Amber

A Language for High-Level Programming with Self-Extension

チュートリアル8: モジュール

モジュールとは

Amberにおけるモジュールとは複数の変数定義をひとまとまりにして扱う為の機能です。

全ての変数定義は必ず何らかのモジュールに属します。

Amberのプログラムは常に何らかのモジュールの内部で実行されます。このモジュールをカレントモジュールと呼びます。そして、変数定義・関数定義により定義された変数はその時点でのカレントモジュールに登録されます。起動時のカレントモジュールはGlobalという物になっています。

新たなモジュールを作成し、そのモジュールに実行を移すには

module モジュール名 {
    文1
    文2
    ...
}

と記述します。文1,文2,…はそのモジュール内で実行されます。例えば

module A {
    x: 0
    f(): 1
}

と記述するとAという名前のモジュールが生成され、変数xfの定義はこのモジュールに登録されます。

あるモジュールの内部の変数を参照する為には

モジュール名 :: 変数名

と記述します。例えば以下の例の様になります。

module A {
    x: 0
}

puts(A::x)  # => 0
A::x = 1
puts(A::x)  # => 1

また一度モジュールから出た後も、再び同じモジュールに入る事が出来ます。

module A {
    x: 0
}

module A {
    x = 1
}

puts(A::x)  # => 1

モジュールの階層

あるモジュールを定義すると、そのモジュールは定義時点でのカレントモジュールに登録されます。このことによって、モジュール間には親子関係が発生します。すなわち、モジュールは階層をなします。この階層の頂点にはGlobalというモジュールが位置する事になります。
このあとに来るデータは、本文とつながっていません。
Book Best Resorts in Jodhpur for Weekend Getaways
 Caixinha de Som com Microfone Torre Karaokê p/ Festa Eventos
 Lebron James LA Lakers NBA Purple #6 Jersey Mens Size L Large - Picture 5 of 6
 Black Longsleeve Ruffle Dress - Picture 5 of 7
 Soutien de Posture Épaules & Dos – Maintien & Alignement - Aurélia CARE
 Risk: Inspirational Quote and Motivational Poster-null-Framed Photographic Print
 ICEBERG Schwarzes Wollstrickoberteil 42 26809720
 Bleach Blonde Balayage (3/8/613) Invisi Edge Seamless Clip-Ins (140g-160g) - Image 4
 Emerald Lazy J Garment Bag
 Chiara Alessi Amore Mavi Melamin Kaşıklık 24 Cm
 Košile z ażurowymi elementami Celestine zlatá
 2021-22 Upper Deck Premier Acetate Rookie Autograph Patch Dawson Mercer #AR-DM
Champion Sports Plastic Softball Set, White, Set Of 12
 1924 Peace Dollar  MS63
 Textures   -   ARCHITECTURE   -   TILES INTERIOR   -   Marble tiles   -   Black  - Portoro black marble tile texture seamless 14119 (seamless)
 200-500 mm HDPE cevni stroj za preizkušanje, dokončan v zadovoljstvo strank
モジュールAの内部でモジュールBを定義した場合、AをBのスーパーモジュール、BをAのサブモジュールと呼びます。 モジュールAの外からAのサブモジュールを参照する為には

A :: サブモジュール名

と記述します。例えば以下の例のようになります。

module A {
    module B {
        x: 0
    }

    puts(B::x)  # => 0
}
puts(A::B::x)   # => 0

標準で用意されているモジュール

Amberはいくつかの標準的なモジュールを起動時に生成します。それらの階層は以下の様になっています。

Global -+- Syntax --+-- Action
        |           |
        |           +-- Shell
        |
        +- Semantics --+-- Interpreter
        |              |
        |              +-- Compiler
        |
        +-- Std --+-- Numeric --+-- Integer
                                |
                                +-- BigInt

Syntax以下のモジュールにはAmberの文法に関する定義が含まれています。 Semantics以下のモジュールにはAmberの評価器(インタプリタやコンパイラ)に関する定義が含まれています。 SyntaxSemanticsは言語の構文論と意味論の核を担っています。